# Ruger 10/22 breakdown



## Halloween (Nov 24, 2012)

Thoughts on this as company to the B.O.B. The back pack it comes with has plenty of room for some mre's, supplies etc
Heck maybe a replacement for the B.O.B



Sent from my iPod touch using Survival Forum


----------



## Geek999 (Jul 9, 2013)

I think you mean the 10/22 Takedown, not breakdown. I own one. I like it. It's pretty much like every other 10/22 made with the added feature of being able to detach the barrel easily and package in either the backpack that comes with it or something else if you wish. Most 10/22 aftermarket parts will fit. There are a few bits, notably the stock, that are unique, but there are aftermarket stocks appearing for it and I am sure there will be more later.

I think the pack is a bit small for a BOB, but with the Molle strapping you could attach it to a larger backpack or just move the rifle to the larger pack. Your choice.

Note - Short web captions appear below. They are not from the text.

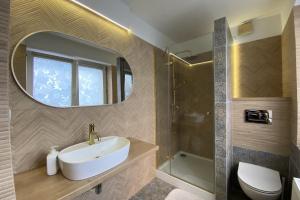 a bathroom with a sink and a mirror at Willa Onyks Pokoje in Jastrzębia Góra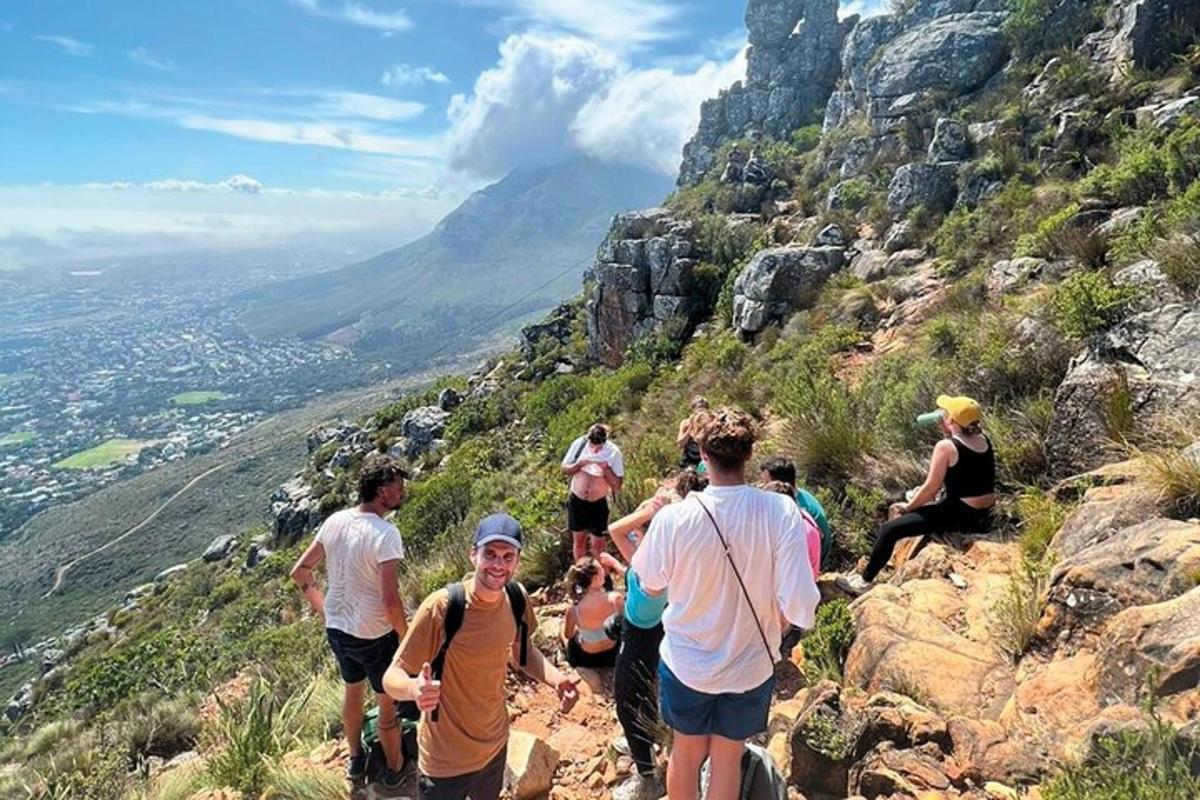 un groupe de personnes marchant sur une montagne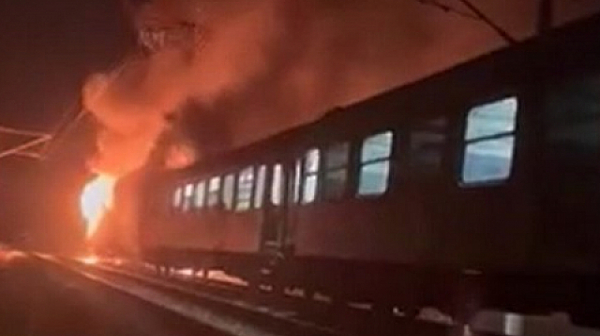 Няма пострадали пътници при пожара в бързия влак София-Варна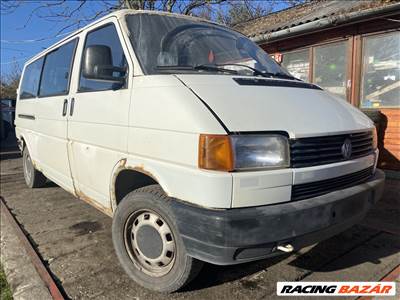 Volkswagen Transporter T4 2.4D bontott alkatrészei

If you have any specific questions about it, I'll try to answer.


----------



## Halloween (Nov 24, 2012)

Force of habit calling it breakdown to those who really don't understand
But I assumed those here and people who know would get it and the play on words!!!
Sorry 


Sent from my iPod touch using Survival Forum


----------



## Halloween (Nov 24, 2012)

Also I have no questions. I own my share of arms. Just tossing it out there!



Sent from my iPod touch using Survival Forum


----------



## Caribou (Aug 18, 2012)

I don't have the takedown model but if you want to send me yours for a couple years I'd be glad to get back to you with a product review.:2thumb:


----------



## Halloween (Nov 24, 2012)

Now that made me laugh - thanks


Sent from my iPod touch using Survival Forum


----------



## Sentry18 (Aug 5, 2012)

While the 10/22 is very popular, there are smaller, lighter, cheaper and more accurate options out there. The new Chiappa 22, Marlin Papoose and Henry Survival Rifle being 3 examples. I would even take the Marlin 795 over it, but that's just my opinion. If the 10/22 is your must have rifle then it's a better option than the not take down version for a BOB.


----------



## Halloween (Nov 24, 2012)

I agree but I was made an offer I could not refuse. 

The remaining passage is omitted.